**Task objective**
Transcribe each line below verbatim; pictures excluded.

**Recorded information**
● ● ●
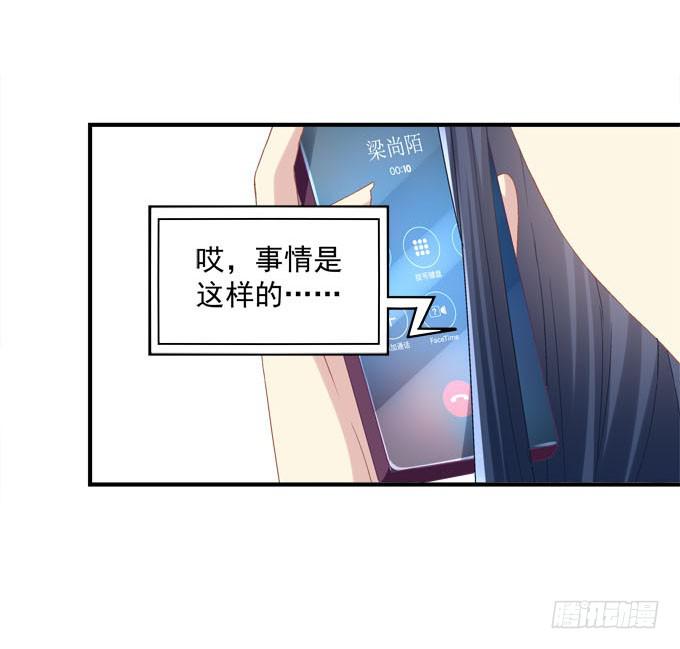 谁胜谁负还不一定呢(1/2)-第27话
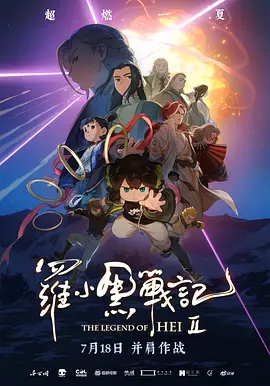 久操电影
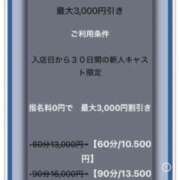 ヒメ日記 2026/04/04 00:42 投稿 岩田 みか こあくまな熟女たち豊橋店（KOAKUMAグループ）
● ● ●
**Final answer**
 谁胜谁负还不一定呢(1/2)-第27话
 久操电影
 ヒメ日記 2026/04/04 00:42 投稿 岩田 みか こあくまな熟女たち豊橋店（KOAKUMAグループ）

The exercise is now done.